Problem: Select all lines holding the word "Case" from the entries that follow.

Supplied material:
──────────────────────────────
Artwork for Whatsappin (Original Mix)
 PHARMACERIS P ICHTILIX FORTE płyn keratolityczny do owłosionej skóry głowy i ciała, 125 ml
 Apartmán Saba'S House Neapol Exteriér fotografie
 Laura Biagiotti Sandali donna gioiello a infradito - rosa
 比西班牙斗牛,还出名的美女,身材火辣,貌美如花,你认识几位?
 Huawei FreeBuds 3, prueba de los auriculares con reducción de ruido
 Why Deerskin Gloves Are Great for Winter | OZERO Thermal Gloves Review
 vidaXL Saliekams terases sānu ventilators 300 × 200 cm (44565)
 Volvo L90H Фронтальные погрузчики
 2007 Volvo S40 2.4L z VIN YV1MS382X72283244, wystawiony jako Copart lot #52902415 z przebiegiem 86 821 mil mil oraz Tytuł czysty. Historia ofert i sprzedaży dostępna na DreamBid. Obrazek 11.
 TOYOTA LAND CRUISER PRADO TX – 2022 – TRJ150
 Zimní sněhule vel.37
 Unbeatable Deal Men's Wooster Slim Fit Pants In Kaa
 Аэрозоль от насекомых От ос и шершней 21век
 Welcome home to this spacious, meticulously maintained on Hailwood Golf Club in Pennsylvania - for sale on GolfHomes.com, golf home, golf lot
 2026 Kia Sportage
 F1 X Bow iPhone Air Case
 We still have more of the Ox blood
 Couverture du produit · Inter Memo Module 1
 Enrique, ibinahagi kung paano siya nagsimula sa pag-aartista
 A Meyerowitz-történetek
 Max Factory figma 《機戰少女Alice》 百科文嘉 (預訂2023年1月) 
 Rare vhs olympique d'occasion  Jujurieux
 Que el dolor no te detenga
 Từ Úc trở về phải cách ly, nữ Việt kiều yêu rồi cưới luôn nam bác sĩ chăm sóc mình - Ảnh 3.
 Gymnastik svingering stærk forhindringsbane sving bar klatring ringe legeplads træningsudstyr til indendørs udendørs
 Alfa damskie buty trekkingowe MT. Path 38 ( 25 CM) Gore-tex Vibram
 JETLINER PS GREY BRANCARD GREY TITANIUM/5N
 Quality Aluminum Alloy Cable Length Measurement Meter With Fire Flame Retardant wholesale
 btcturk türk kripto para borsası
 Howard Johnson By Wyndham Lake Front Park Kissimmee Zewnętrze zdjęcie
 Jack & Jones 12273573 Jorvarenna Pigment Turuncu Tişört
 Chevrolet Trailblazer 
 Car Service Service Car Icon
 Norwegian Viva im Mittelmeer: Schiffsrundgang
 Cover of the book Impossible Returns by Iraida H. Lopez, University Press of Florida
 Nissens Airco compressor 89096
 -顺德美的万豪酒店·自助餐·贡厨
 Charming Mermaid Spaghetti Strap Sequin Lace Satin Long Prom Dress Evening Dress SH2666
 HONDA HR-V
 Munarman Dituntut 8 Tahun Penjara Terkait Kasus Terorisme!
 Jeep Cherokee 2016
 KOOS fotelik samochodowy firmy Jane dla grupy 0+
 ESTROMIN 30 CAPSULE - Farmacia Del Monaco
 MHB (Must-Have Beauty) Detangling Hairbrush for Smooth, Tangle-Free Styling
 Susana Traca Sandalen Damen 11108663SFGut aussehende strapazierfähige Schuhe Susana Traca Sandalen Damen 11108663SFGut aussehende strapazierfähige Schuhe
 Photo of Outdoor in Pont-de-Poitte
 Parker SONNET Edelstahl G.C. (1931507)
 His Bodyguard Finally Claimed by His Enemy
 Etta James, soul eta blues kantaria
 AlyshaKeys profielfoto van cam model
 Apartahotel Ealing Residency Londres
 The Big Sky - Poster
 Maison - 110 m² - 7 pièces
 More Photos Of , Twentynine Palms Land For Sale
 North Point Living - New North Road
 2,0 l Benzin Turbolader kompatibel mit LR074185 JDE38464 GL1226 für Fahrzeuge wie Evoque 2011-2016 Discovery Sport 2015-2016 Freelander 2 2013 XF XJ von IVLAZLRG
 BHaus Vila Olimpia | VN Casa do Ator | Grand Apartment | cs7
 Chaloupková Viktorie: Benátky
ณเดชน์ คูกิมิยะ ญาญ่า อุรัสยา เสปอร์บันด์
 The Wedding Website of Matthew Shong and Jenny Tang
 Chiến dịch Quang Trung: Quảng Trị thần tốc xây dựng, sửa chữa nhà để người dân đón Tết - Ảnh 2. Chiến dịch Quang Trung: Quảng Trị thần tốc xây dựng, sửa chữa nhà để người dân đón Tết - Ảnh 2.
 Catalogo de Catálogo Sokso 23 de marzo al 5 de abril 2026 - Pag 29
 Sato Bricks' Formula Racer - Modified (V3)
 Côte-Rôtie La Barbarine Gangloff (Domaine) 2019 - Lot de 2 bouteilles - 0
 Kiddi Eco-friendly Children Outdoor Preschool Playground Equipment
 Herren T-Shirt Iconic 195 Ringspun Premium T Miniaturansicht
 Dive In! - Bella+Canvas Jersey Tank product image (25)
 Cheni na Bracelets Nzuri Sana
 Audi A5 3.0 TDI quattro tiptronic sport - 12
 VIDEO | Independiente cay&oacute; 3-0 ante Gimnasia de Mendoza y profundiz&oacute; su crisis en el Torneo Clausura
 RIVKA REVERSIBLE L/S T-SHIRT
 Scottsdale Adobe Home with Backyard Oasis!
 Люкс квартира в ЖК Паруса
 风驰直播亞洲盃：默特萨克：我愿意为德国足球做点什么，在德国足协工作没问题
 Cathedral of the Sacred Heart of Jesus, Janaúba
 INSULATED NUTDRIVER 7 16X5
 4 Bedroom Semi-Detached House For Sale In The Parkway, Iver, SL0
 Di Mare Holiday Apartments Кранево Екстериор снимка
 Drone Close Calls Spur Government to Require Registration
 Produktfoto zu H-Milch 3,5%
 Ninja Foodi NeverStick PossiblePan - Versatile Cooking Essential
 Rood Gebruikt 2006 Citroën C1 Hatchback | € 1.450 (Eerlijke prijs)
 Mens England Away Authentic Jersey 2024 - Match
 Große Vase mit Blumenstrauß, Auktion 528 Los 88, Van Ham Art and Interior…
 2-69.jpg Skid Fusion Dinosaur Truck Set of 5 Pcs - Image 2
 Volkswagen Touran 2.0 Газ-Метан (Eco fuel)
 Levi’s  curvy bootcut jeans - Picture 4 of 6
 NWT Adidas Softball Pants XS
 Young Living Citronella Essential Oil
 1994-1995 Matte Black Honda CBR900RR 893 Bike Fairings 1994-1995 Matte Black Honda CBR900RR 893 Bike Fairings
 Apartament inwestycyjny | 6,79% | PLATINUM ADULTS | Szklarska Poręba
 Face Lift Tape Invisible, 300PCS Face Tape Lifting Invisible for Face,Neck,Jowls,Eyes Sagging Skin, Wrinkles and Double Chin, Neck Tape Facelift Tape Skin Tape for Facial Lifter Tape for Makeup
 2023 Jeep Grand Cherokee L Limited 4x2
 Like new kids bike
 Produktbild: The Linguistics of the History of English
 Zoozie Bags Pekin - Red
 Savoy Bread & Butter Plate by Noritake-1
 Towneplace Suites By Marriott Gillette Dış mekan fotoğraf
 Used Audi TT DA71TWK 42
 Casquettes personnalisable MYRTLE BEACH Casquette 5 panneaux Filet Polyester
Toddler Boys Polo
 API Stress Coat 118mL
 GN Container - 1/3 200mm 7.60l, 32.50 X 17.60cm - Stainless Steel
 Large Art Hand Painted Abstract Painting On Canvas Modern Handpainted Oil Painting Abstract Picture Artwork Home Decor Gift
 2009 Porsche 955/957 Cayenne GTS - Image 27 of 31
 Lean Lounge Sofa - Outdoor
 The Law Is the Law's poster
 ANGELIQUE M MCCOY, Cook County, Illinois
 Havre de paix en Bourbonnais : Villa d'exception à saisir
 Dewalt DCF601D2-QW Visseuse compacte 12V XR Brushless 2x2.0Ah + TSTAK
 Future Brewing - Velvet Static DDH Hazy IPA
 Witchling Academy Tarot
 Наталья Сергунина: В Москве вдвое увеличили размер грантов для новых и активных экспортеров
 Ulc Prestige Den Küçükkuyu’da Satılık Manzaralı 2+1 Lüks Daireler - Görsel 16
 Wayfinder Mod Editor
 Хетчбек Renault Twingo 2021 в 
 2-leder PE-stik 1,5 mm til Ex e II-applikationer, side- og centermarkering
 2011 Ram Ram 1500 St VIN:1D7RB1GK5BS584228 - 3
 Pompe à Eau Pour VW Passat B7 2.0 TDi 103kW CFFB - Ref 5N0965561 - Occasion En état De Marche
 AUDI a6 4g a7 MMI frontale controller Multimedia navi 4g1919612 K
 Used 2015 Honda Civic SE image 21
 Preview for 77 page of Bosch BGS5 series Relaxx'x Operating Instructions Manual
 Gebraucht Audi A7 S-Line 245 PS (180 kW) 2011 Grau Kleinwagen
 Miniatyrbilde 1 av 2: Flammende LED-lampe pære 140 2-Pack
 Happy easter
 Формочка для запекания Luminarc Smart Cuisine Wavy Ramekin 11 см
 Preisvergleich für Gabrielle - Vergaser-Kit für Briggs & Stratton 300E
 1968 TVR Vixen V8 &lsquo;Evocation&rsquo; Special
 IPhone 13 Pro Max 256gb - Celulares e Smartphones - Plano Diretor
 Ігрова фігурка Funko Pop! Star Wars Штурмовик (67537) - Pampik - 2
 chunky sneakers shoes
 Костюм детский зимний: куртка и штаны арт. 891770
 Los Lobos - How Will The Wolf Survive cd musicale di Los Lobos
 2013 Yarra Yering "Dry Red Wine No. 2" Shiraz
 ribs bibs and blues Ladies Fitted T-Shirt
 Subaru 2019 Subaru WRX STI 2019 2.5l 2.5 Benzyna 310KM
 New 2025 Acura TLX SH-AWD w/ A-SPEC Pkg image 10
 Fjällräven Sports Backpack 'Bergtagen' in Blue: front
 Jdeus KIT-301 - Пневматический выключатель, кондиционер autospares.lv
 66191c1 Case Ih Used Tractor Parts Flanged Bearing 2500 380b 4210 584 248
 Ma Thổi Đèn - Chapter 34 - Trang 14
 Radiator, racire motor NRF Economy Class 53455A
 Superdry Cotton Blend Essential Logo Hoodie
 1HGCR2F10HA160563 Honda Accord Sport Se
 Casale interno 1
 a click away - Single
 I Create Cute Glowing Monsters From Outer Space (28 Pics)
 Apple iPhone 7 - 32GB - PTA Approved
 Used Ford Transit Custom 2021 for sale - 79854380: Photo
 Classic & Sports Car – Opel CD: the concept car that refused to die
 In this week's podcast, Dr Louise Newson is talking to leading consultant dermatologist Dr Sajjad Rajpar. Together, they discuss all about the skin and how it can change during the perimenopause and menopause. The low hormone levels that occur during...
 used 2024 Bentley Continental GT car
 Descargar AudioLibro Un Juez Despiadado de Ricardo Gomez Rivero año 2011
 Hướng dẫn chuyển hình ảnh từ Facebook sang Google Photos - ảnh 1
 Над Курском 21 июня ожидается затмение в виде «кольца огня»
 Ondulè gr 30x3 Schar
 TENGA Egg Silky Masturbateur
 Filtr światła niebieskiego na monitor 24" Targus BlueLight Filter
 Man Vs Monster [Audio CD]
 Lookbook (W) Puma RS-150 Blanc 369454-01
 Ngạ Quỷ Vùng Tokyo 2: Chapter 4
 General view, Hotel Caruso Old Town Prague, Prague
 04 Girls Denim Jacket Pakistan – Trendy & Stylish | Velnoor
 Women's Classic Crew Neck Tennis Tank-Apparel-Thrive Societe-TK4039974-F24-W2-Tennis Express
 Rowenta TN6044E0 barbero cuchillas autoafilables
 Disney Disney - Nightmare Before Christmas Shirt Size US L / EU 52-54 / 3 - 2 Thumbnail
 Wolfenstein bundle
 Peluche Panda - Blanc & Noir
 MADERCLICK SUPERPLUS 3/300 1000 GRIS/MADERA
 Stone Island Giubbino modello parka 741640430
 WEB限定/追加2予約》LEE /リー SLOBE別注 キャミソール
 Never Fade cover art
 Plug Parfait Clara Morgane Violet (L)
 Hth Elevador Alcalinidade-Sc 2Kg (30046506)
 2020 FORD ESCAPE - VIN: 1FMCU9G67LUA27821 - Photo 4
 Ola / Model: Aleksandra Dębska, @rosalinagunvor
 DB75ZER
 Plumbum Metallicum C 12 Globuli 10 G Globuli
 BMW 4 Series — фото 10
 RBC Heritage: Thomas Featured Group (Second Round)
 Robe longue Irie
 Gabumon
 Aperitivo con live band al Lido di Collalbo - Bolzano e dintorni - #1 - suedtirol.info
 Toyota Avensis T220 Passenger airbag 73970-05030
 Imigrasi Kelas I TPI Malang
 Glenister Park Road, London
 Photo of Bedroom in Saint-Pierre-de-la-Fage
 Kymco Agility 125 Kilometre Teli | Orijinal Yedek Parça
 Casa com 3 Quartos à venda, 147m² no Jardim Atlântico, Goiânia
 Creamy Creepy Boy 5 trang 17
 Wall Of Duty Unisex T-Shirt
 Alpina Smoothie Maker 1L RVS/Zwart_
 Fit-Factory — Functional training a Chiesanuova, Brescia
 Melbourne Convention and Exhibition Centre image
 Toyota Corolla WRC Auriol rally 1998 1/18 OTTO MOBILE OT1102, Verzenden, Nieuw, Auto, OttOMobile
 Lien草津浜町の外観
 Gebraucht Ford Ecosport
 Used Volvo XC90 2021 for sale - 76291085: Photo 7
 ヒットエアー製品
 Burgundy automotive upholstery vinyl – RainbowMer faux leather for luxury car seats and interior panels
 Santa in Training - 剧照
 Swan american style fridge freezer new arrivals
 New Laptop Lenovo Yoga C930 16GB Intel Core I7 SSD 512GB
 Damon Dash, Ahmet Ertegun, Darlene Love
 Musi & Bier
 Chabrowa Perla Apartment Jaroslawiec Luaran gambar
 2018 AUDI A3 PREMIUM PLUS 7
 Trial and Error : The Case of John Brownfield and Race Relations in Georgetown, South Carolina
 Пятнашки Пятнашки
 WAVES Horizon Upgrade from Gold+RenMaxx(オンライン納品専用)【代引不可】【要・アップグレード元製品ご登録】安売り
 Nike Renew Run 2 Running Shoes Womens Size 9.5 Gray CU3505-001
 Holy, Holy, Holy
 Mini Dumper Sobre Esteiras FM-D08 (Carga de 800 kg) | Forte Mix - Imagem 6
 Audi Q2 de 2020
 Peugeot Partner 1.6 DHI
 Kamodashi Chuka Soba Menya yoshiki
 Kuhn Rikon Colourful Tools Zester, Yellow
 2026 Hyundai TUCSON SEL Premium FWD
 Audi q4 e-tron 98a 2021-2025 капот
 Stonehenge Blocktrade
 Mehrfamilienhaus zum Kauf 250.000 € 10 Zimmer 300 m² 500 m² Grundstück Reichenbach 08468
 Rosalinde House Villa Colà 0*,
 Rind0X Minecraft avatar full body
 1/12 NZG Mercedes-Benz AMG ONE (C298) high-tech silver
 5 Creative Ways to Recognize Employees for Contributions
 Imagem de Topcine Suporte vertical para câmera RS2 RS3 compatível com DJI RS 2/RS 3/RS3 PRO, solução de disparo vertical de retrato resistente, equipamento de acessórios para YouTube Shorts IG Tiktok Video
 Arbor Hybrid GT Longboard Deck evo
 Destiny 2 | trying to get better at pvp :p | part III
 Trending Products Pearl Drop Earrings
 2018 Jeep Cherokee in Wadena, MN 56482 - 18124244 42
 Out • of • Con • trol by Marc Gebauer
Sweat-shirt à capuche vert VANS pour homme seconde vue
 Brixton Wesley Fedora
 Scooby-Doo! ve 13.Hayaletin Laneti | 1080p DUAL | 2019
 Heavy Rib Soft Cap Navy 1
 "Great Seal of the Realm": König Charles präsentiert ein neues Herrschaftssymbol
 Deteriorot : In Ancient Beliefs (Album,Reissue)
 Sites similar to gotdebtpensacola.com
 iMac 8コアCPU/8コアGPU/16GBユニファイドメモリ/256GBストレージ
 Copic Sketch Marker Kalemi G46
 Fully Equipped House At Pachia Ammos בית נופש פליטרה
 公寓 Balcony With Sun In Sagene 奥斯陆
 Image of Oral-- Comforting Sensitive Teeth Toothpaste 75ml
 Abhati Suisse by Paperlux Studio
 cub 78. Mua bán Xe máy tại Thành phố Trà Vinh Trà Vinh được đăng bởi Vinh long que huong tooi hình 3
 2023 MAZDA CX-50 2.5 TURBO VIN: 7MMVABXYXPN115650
──────────────────────────────
Written reply:
 F1 X Bow iPhone Air Case
 66191c1 Case Ih Used Tractor Parts Flanged Bearing 2500 380b 4210 584 248
 Trial and Error : The Case of John Brownfield and Race Relations in Georgetown, South Carolina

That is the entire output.